私はこれまでも水道水で問題ないという考えでいたのですが、導入後は、外出の際には「浄水」を携帯ボトルに詰めて持ち歩きます。ペットボトル入りの水を買う機会はほぼなくなりました。

文書館とは?2019年07月13日 16:23


浦和駅から西に向かい旧中山道を越え、さらに10分くらい歩くと埼玉県庁に到着します。そこを横目に通り抜けると国道17号線に出ますが、その向側にあるレンガ調の色彩の建物が埼玉県立文書館です。「もんじょかん」と読みます。普通、江戸時代以前の書類を「もんじょ」、それ以後は「ぶんしょ」となりますが、埼玉県の場合は「もんじょかん」、いっぽう、国立公文書館は「ぶんしょかん」です。

この施設を訪ねる人はそう多くないと思います。
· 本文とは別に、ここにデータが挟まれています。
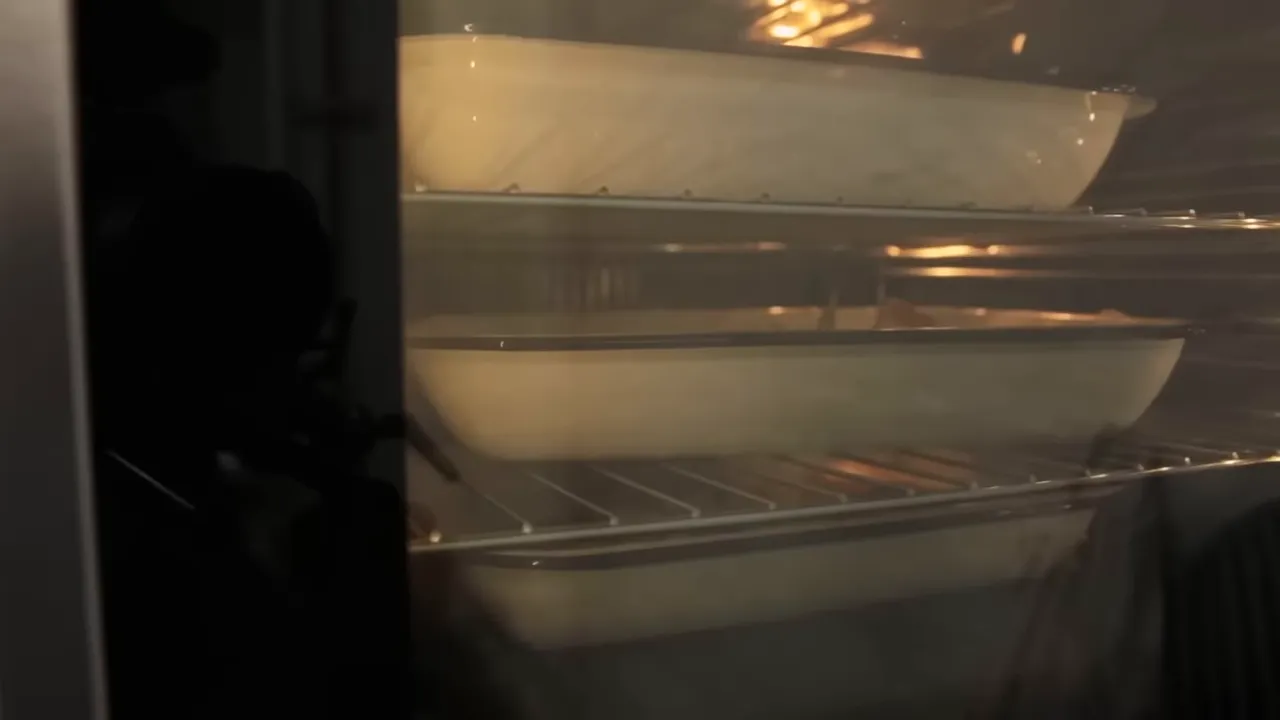 Two roasting trays of potatoes inside an oven viewed through the glass door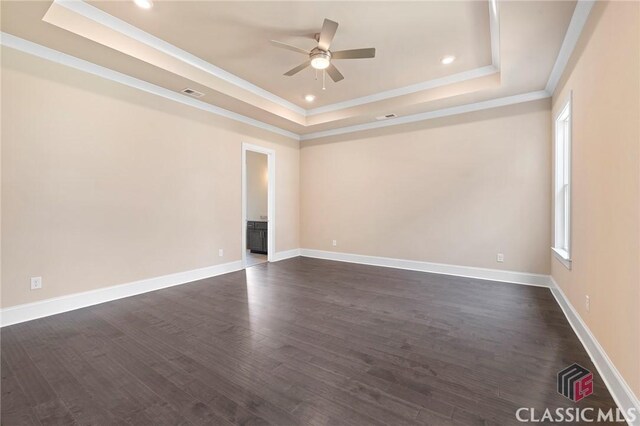 1745 Silo Bnd Unit 16, Watkinsville, GA 30677 - spare room featuring visible vents, dark wood-type flooring, ceiling fan, ornamental molding, and a raised ceiling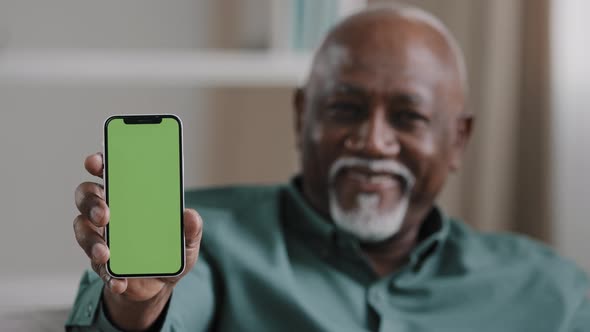 Satisfied Elderly Man Showing Green Screen on Smartphone Happy Pensioner Advertise Application
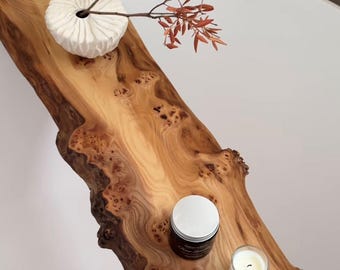 May include: A wooden tray with a natural wood grain finish sits on a white bathtub. The tray has a white ceramic vase with a dried branch of red leaves. There is a small white jar and a white candle on the tray.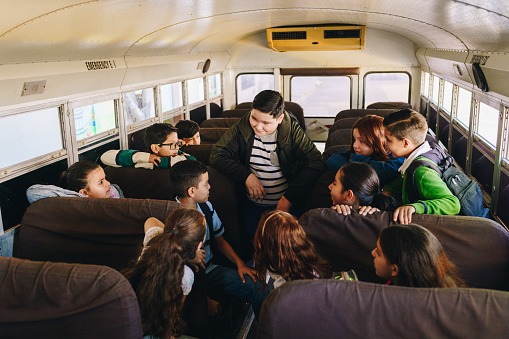 Child students talking on the school bus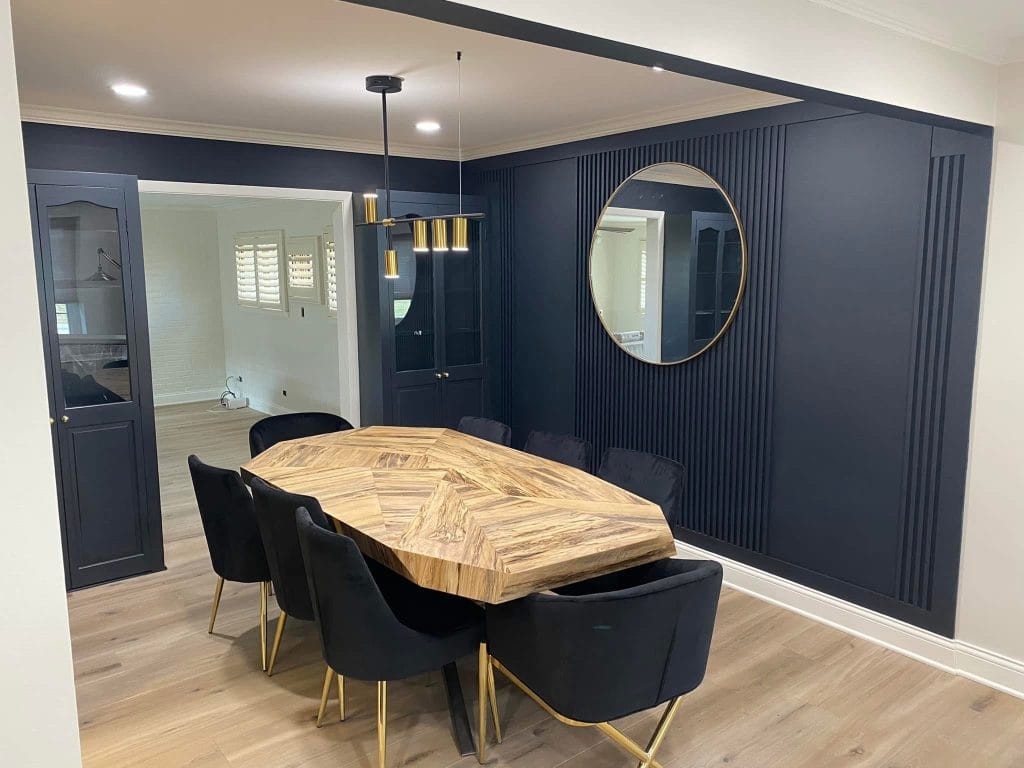 LVP flooring and trim wall paneling installed by The Floor 4 U in Orland Park, IL. Stylish dining room with bold design.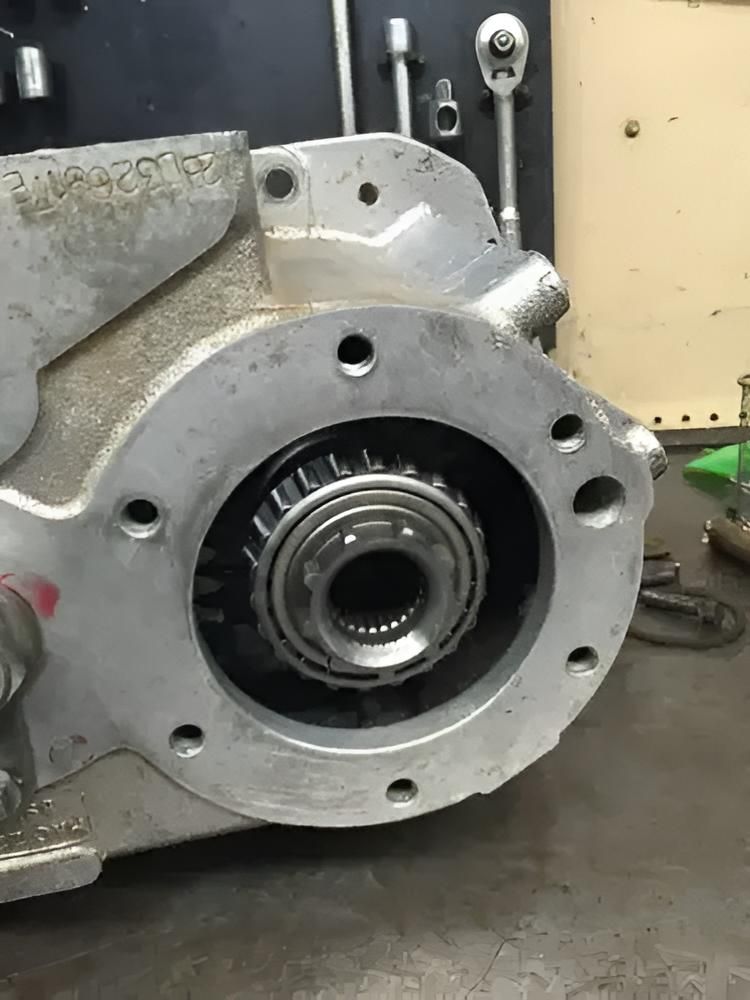 A Close Up of a Metal Object With a Bearing in It on a Table — Land Rover Spares In Mackay, QLD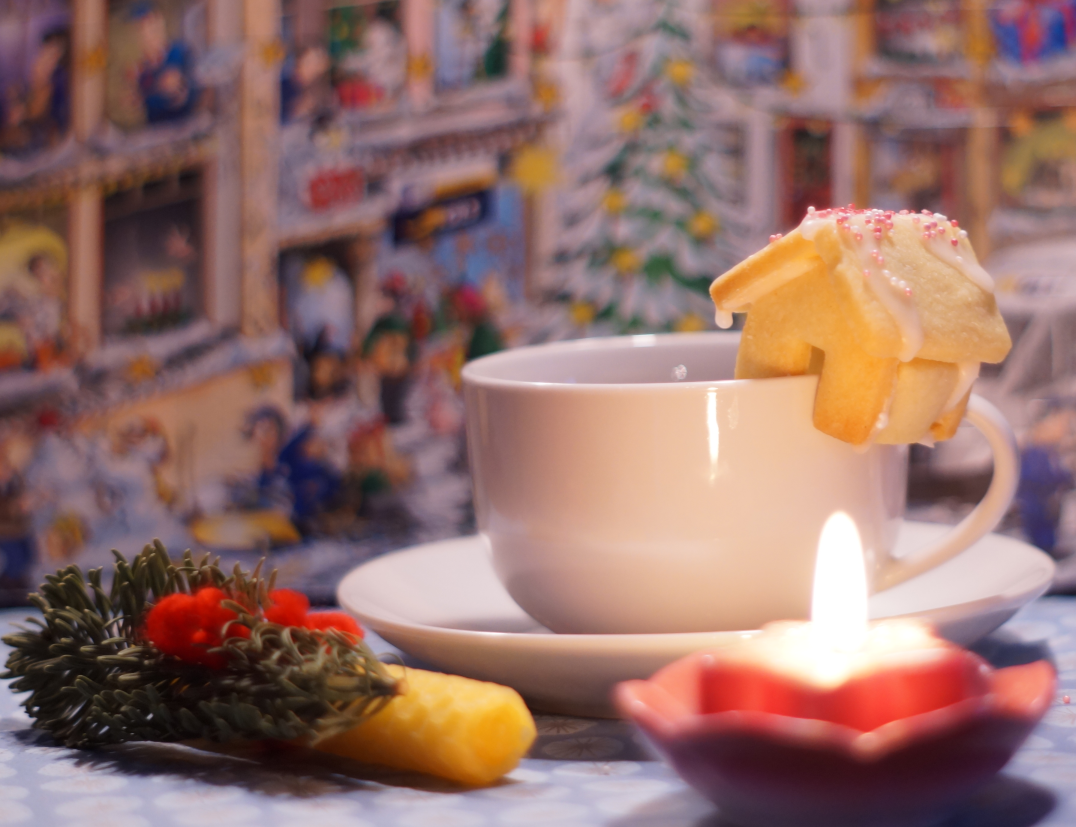 Christmas House that sits on the edge of your mug.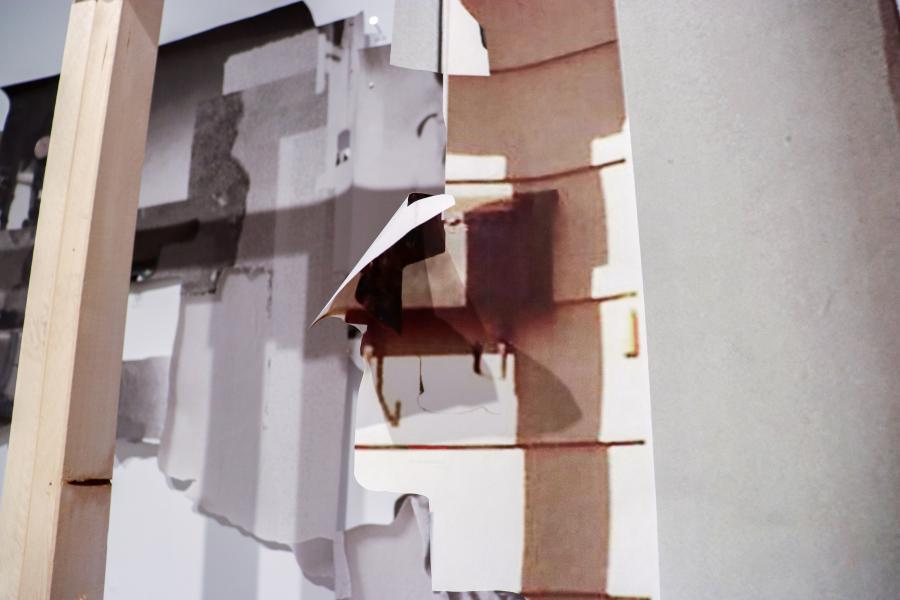 A detailed shot of a folded piece of collage paper revealing a printed photographic fragment underneath.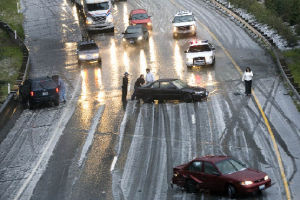 A sudden heavy hail storm contributed to a three-car collision on Interstate 90 just below Highlands Drive. The skies had opened up just before 7 p.m. Tuesday and deposited a thick layer of slick ice pellets on the road.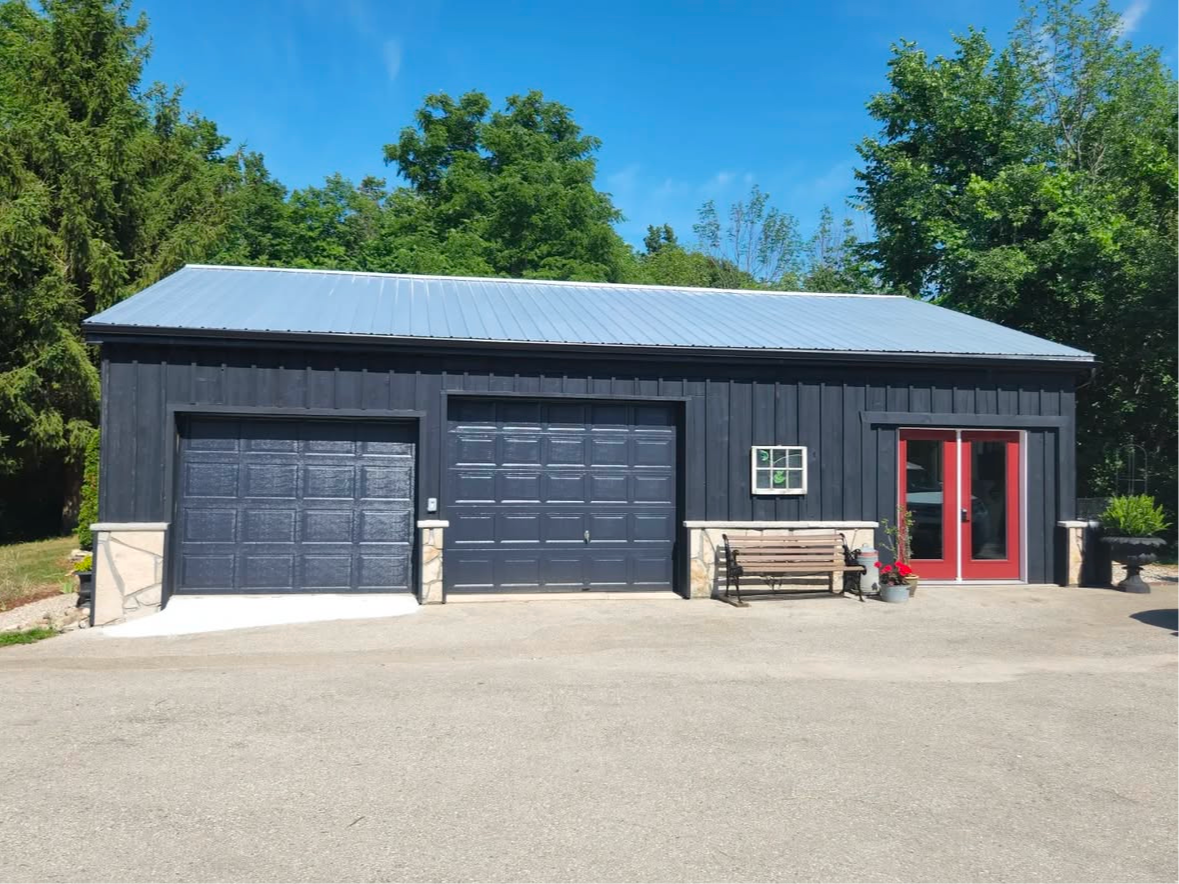 Dark blue garage with metal roof and red double doors. Bench and potted plants in front.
図書館のように、読んだり見たりすることを前提とした資料が置かれているわけではなく、ようするに、文化的あるいは政治行政的な価値がある文書や図面や写真を保存したり研究したりする施設だからです。ただし、そうした資料や写真類を研究・調査のために使いたいひとは多いわけで、そうした目的でここを訪問するひとにはおなじみの場所なんでしょうね。

実は、私はこの文書館にいったことがありませんでした。先日、博物館友の会の一行とともにここを見学する機会があり、はじめて訪問しましたが、開催中の企画展は意外に(!)面白く、また写真などの資料類の閲覧の方法もわかりましたので、今後も機会があればいってみたいと思った次第。JR武蔵野線の武蔵浦和駅から17号線をまっすぐいけば1時間かからずに到着します。

文書館を訪問した一行は、まず、文書館の加藤学芸主幹から、今年で50周年というこの埼玉県立文書館の歴史と活動内容さらに今年4月に終わったリニューアルのポイントについて説明を受けました。1日10~15人の利用者があるそうですが、その他に行政に携わるひとの訪問も多いようです。この日の参加者にはすでに文書館を利用している人や今後活用したいという希望者も多く、古文書や地図の実際の検索や閲覧の方法について具体的な質問がありました。また、その他の活動としては古文書講座はいつも定員オーバーの人気だそうです。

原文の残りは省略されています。